Notice that during storage operations, k1 and k2 were successfully mapped to their values using only the hash code.


However, storage of k3 was not so simple, the system detected that its bucket location already contained a mapping for k2. Therefore, equals comparison was used to distinguish them and a linked list was created to contain both mappings.

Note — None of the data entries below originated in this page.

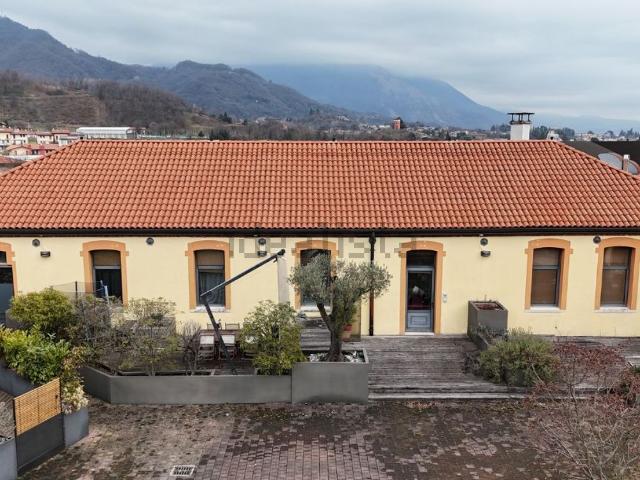 Appartamento in vendita di 300 m² in Viale dell&apos  Industria, 11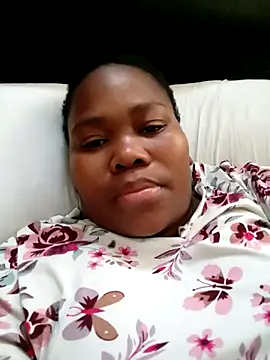 Real1SweetQueen online show from November 4, 2025, 3:32 am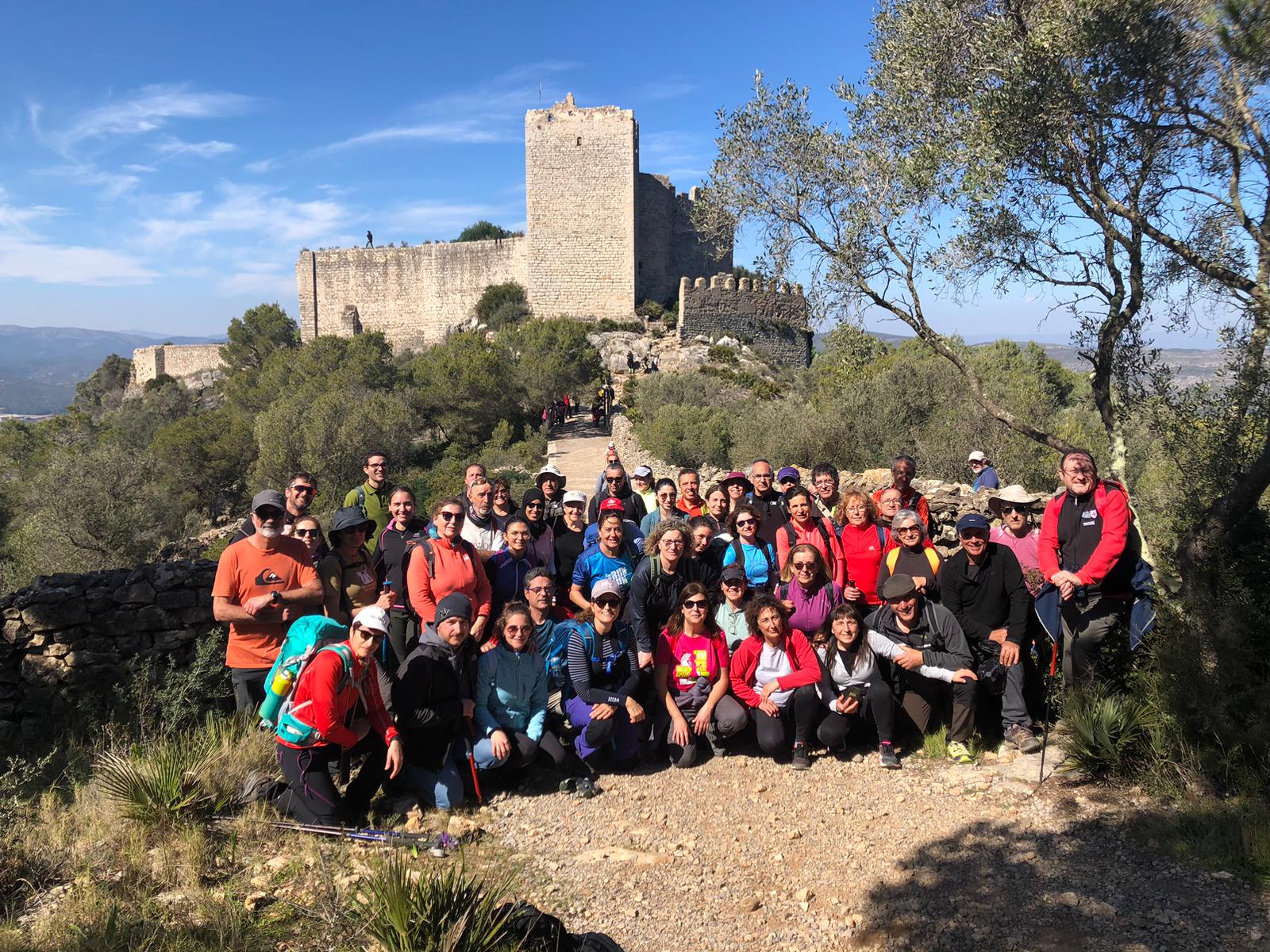Prop de 70 persones participen en la Marxa del Dia de la Dona entre els castells Polpis i Xivert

Any other subsequent mapping whose key hashes to the same bucket location will follow the same route and end up replacing one of the nodes in the linked list or be added to the head of the list if equals comparison returns false for all existing nodes.


Likewise, during retrieval, k3 and k2 were equals-compared to identify the correct key whose value should be retrieved.


On a final note, from Java 8, the linked lists are dynamically replaced with balanced binary search trees in collision resolution after the number of collisions in a given bucket location exceed a certain threshold.

最后,从Java 8开始,在碰撞解决中,当某个桶的位置的碰撞数量超过一定的阈值后,链接列表会被动态地替换为平衡的二进制搜索树。

This change offers a performance boost, since, in the case of a collision, storage and retrieval happen in O(log n).

这一变化带来了性能上的提升,因为在发生碰撞的情况下,存储和检索只需O(log n)。

This section is very common in technical interviews, especially after the basic storage and retrieval questions.


7. Conclusion


In this article, we have explored HashMap implementation of Java Map interface.

在这篇文章中,我们探讨了Java Map接口的HashMap实现。

The full source code for all the examples used in this article can be found in the GitHub project.